Tunisia appears to have found a way around its revenue challenge with plans to raise taxes targeting the upper class in its society.
President Kais Saied on Thursday announced that additional taxes would be introduced as a stopgap measure ahead of an expected loan from the International Monetary Fund (IMF), whose “diktats” he rejects.
According to a press release from the presidency, President Saied maintained that the system of subsidies for basic products currently in place in the country benefitted everyone, including the wealthiest.
He revealed that the country was considering the idea of “taking the surplus money from the rich and giving it to the poor” to be relevant in its current situation.
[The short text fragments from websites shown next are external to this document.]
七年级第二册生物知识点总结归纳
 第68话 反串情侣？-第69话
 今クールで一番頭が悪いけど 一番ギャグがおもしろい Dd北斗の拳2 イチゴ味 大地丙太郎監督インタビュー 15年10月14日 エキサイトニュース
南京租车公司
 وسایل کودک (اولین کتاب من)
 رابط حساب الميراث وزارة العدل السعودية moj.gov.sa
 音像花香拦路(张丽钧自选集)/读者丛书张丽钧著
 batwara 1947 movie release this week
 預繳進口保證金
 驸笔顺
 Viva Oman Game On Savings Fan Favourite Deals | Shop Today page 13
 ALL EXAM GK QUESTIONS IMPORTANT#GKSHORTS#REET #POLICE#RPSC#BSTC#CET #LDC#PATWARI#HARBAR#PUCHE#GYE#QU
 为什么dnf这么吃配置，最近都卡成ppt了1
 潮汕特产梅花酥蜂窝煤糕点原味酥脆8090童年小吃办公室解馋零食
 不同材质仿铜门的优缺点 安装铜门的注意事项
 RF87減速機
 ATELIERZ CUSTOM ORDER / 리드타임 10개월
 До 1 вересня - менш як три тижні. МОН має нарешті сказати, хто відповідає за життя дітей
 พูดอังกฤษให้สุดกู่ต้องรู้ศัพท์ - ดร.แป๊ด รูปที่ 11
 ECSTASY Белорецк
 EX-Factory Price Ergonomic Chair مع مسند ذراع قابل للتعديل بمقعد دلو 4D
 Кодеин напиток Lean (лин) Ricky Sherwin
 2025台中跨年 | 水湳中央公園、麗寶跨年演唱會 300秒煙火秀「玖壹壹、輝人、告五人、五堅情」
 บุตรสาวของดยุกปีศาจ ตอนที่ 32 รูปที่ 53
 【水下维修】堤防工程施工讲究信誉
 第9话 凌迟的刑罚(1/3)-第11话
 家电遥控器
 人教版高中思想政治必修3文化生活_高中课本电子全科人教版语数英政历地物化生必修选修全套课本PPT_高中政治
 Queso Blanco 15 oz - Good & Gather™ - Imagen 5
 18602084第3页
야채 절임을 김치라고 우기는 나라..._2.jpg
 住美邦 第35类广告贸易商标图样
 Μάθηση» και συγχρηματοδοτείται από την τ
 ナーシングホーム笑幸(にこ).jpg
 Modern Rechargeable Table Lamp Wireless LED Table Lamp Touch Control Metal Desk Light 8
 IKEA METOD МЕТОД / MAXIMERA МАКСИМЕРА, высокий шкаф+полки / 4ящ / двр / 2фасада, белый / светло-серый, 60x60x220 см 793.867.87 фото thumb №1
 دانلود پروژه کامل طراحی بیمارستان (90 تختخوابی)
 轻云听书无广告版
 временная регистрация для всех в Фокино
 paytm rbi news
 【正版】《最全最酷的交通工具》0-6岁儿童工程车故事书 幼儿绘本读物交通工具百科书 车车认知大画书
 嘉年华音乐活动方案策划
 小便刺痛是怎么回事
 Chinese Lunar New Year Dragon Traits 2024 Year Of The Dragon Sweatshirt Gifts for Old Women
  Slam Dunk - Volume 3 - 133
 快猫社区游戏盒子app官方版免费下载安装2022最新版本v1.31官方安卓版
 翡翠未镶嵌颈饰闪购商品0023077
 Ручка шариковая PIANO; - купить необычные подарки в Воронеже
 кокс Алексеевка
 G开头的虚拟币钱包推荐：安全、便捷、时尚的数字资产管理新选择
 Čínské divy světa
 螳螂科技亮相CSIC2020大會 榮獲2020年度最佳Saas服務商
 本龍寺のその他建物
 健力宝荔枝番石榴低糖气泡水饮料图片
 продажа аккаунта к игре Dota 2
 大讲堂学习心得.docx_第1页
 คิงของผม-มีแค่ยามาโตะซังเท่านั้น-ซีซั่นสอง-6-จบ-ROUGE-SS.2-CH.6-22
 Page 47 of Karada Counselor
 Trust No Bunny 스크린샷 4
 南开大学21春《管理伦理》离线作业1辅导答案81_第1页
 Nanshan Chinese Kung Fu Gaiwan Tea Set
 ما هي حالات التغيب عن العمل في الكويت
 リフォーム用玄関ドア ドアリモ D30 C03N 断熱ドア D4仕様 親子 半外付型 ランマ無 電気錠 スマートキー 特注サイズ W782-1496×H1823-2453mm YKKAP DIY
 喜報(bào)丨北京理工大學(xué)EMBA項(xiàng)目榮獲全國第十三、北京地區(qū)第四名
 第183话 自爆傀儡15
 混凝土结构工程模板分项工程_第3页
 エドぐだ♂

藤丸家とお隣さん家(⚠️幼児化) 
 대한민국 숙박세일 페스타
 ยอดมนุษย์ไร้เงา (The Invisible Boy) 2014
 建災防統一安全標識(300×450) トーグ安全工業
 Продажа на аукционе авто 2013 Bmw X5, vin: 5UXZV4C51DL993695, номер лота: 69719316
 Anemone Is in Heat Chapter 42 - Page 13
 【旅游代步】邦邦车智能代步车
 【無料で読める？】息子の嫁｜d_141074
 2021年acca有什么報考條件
“Instead of lifting subsidies in the name of rationalisation, it would be possible to introduce additional taxes for those who benefit from them without needing them”, he added.
Tunisia’s General Labour Union (UGTT), a few months ago, raised concerns over the proposed financial bailout by the IMF for the country. Labour officials during the May Day celebration criticised what they described as “an IMF government” as protesters chanted “No to colonization.”
Tunisia, which is indebted to the tune of roughly 80% of its GDP, received an agreement in principle from the IMF last year for a new loan of nearly $2 billion to assist it in overcoming its severe financial crisis.
However, discussions have come to a halt due to the country’s lack of a firm commitment to implement a reform programme to restructure Tunisia’s more than 100 public companies, which are heavily in debt, and to lift subsidies on certain basic products.
Italy has raised concerns over IMF’s decision to block a $1.9 billion loan to Tunisia amid fears it might lead to a new wave of migrants towards Europe.